The main problem here is that the incremental cost of detecting collisions from the generated string, and try again, increases as you generate more and more strings (since you have to read all of those strings to make sure you didn't generate a duplicate). At the same time, the odds of hitting a duplicate goes up, meaning the bigger the table gets, the slower this process will get.
Why do you need to generate the unique string at runtime? Build them all in advance. This article and this post are about random numbers, but the basic concept is the same. You build up a set of unique strings and pull one off the stack when you need one. Your chance of collisions stays constant at 0% throughout the lifetime of the application (provided you build up a stack of enough unique values). Pay for the cost of collisions up front, in your own setup, instead of incrementally over time (and at the cost of a user waiting for those attempts to finally yield a unique number).

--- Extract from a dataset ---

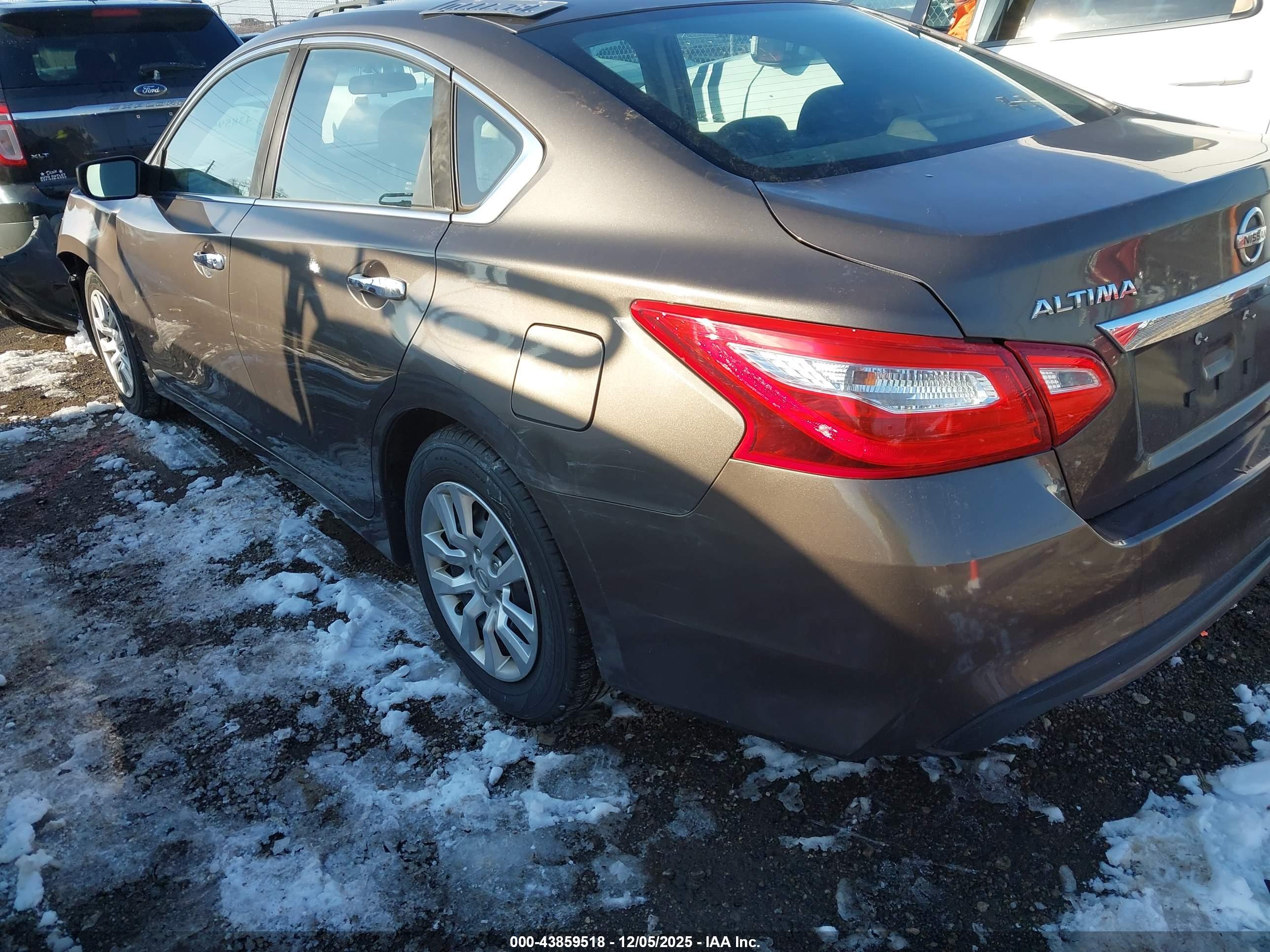 NISSAN ALTIMA image 3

This will generate 100,000 unique 5-character strings, at the low, one-time cost of about 1 second (on my machine):
;WITH
a(a) AS
(
SELECT TOP (26) number + 65 FROM master..spt_values
WHERE type = N'P' ORDER BY number
),
b(a) AS
(
SELECT TOP (10) a FROM a ORDER BY NEWID()
)
SELECT DISTINCT CHAR(b.a) + CHAR(c.a) + CHAR(d.a) + CHAR(e.a) + CHAR(f.a)
FROM b, b AS c, b AS d, b AS e, b AS f;
That's not enough? You can generate about 1.12 million unique values by changing TOP (10)
to TOP (20)
. This took 18 seconds. Still not enough? TOP (24)

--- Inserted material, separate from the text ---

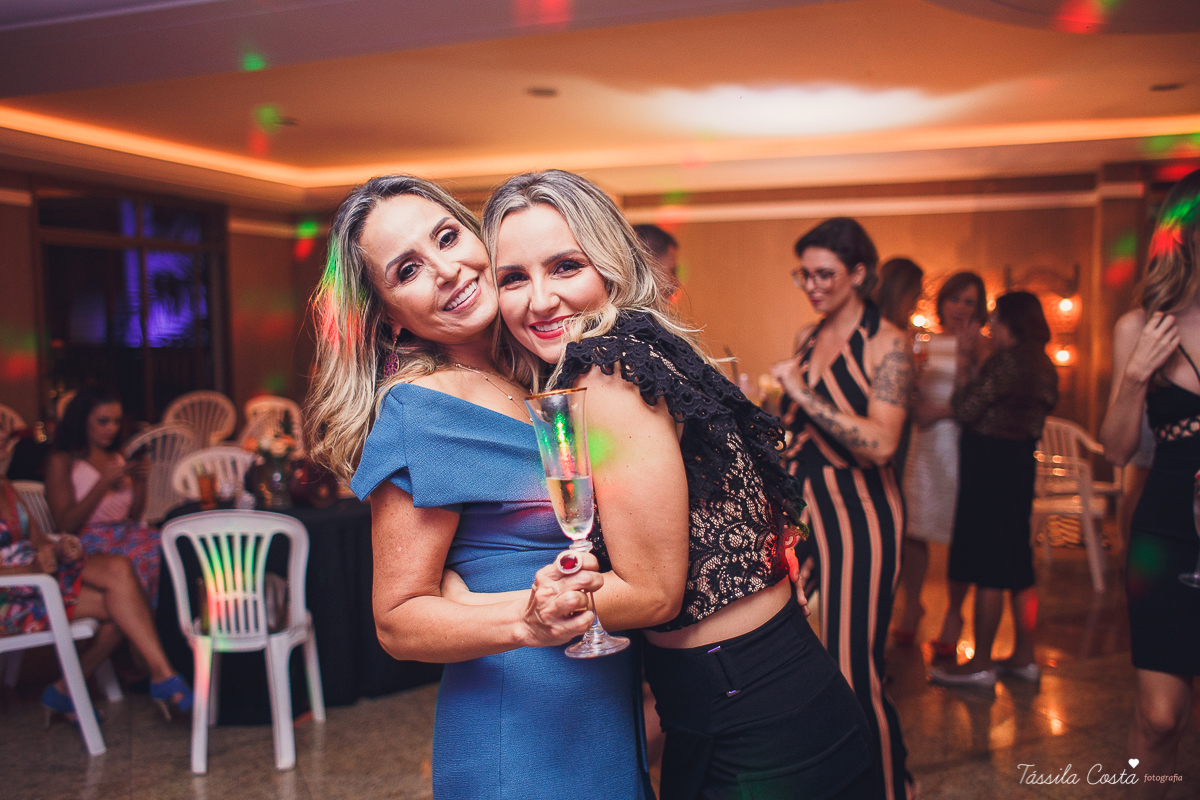 fotos lindas de bodas de coral, festa de 35 anos de casamento, inspiração para bodas de coral, fotografia de casamento em Vila Velha - ES, Praia da Costa, festa linda no prédio da Praia da Costa, Tássila Costa, Zilma e Delcio, Ed. Lausane Praia da Costa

will give you just under 8 million in about 2 minutes. It will get exponentially more expensive as you generate more strings, because that DISTINCT
has to do the same duplicate checking you want to do every single time you add a customer.
So, create a table:
CREATE TABLE dbo.StringStack
(
ID INT IDENTITY(1,1) PRIMARY KEY,
String CHAR(5) NOT NULL UNIQUE
);
Insert that set:
;WITH
a(a) AS
(
SELECT TOP (26) number + 65 FROM master..spt_values
WHERE type = N'P' ORDER BY number
),
b(a) AS
(
SELECT TOP (10) a FROM a ORDER BY NEWID()
)
INSERT dbo.StringStack(String)
SELECT DISTINCT CHAR(b.a) + CHAR(c.a) + CHAR(d.a) + CHAR(e.a) + CHAR(f.a)
FROM b, b AS c, b AS d, b AS e, b AS f;
And then just create a procedure that pops one off the stack when you need it:
CREATE PROCEDURE dbo.AddCustomer
@CustomerName VARCHAR(64) /* , other params */
AS
BEGIN
SET NOCOUNT ON;
DELETE TOP (1) dbo.StringStack
OUTPUT deleted.String, @CustomerName /* , other params */
INTO dbo.Customers(CustomerID, CustomerName /*, ...other columns... */);
END
GO
No silly looping, no needing to check if the CustomerID
you generated just exists, etc. The only additional thing you'll want to build is some type of check that notifies you when you're getting low.
As an aside, these are terrible identifiers for a CustomerID. What is wrong with a sequential surrogate key, like an IDENTITY column? How is a 5-digit random string with all this effort involved, any better than a unique number the system can generate for you much more easily?